My plans for that day went entirely off the planned track. Not that I knew it at the time, but my planning is how I deal with my anxiety. And by deal, I mean to manage it, keep it at bay. Basically, to keep me from losing the tenuous thread of control that I have.
As I mentioned in my previous post, Plan(s) A Day Keep Anxiety at Bay, I had come up with a plan. It was an excellent plan. And I ended up not following my plan. Those around me so easily convince me that I don’t need to follow my plans or even make them, that I acquiesce.
What I did that day was listening to my husband. I ignored what I had planned out and how I had dealt with my anxiety so that I wouldn’t get to a bad place. I ignored what I needed because I still looked to others to tell me how to act, feel, and engage with life. But this is one of those lessons learned, one that I will not soon forget.
What is wrong with winging it a bit? He asked. Nothing, as long as there is a plan, I thought to myself. Oh wait, that isn’t ‘winging it.’ Then he said that my need to plan can be annoying at times. I know, right? I KNOW. How do you think it makes me feel? It annoys me too.
It isn’t fair that I do that. And to be fair to my husband, he has only my best interest at heart. He didn’t know what we both know now. Heck, how could he? I didn’t even know what I knew now. That is the fluidity of our truth. And where communication comes into play.
Plans? What Plans?
When I wrote that I listened to my husband, it wasn’t one of my planned items; it was pretty much on all of them. It started with trying to find an ATM on the military installation we were staying on. As my husband said, ‘there are usually banks co-located with the commissary and the BX.’
What he said was true. Having been on enough military installations, I know this to be true. It wasn’t true on that installation.
Because we went towards the commissary and BX, we went out of a different gate than what I was expecting (aka planned for). Or we tried to go out that gate. The SPs had closed that gate, and traffic was at a standstill. Huh, okay. But the SPs weren’t turning people around; traffic continued to back up.
I called the security office, and a rather snarky person answered the phone. There was a ‘real-world incident,’ and she couldn’t tell me. Anxiety spike anyone? I am not a fan of sitting duck at a military installation gate with a ‘real world’ scenario, being out in the open, with no way to protect myself. Ugh. Not happy is an understatement.
To write that I was starting to unravel is another understatement. Sitting at that gate, I had time to think about how I was not following my plan. And I was getting angry. Hubs, trying to help, said he would keep an eye out for ATMs along the way. Great. If we followed my plan, we wouldn’t need to do that. Sigh.
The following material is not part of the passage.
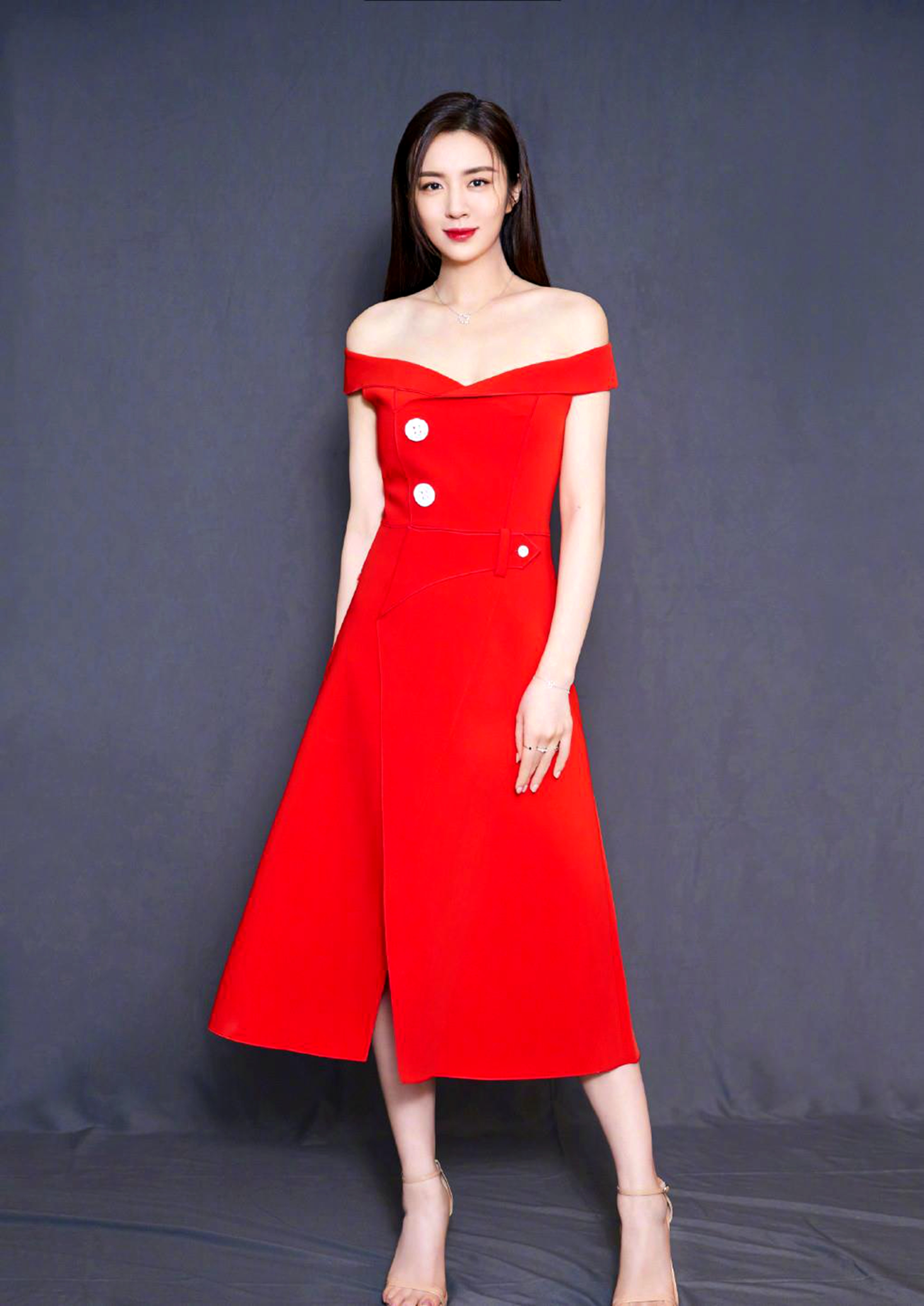 王晓晨绝世而独立,王晓晨是多少男人心中的女神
My response to him was ‘okay.’ But inside my brain, there was a whole other side to that thought. IT went like this: What?? How am I supposed to know what side of the road the ATM is on so that I can be in the appropriate lane? Is it a drive-through? What bank is it?
On Our Way
Finally, the SPs opened the gate, and we were on our way. It was a bit too late as my anxiety had already started to ramp up, and sometimes it is a freight train that I can’t stop. I was looking to my husband for help. What did I need him to do? At that moment? I had no idea. But whatever it was, he wasn’t doing it. Yeah, I know; I am so fair in my expectations of him. Please help me, somehow.
As we continued down the road, I expected my husband to navigate as I would generally navigate. I started asking him questions, and he had no answers, or he would ask me what I was expecting him to do. BE ME! OMG, how hard is that? But even that wasn’t what I needed.
Be Me, But Not
Being me at that moment would be to RESEARCH, RESEARCH, RESEARCH. Researching involves googling ATMs, start familiarizing yourself with where we are going. He wasn’t exactly sure what I was expecting of him because I wasn’t sure what I was expecting of him to do either.
I expected him to KNOW what I needed (even when I didn’t). In part to magically find the street to park on that would be easy to find and have available space? How was he supposed to do that? Someday someone will come up with the technology for that, but it is not here yet.
My anxiety and frustration continued to build within me. And there was no outlet. Except to take it out on, you guessed it, my hubs. And I started the blame game with his inability to predict the future to find the street with parking. I was getting downright angry. It was HIS FAULT that I diverted from my plan.
As is my MO, I don’t tend to yell and scream, at least not anymore. Oh, back in my alcoholism days, I did that plenty. Now I can recognize enough of my anxiety and dysfunction that it isn’t his fault. That and yelling and screaming are no good. Instead of screaming, I shut down. I was giving him terse one-word answers.
I only trusted myself with those one-word answers because I was trying to hold it together. A longer response and I would have lost what little control I had. That and I didn’t know what to say because I didn’t know what was wrong at that moment. I knew it wasn’t my hubs fault, but that is where I wanted to direct my anger. I needed to get that angry energy outside of me.
All of this happened before we even got to the farmer’s market. I would say, without having looked at the time, all of this occurred within fifteen minutes of leaving the RV. That is how quickly I devolved. I allowed my anxiety and dysfunctional thought processes to take over.
Fifteen minutes is all it took for my truth to change.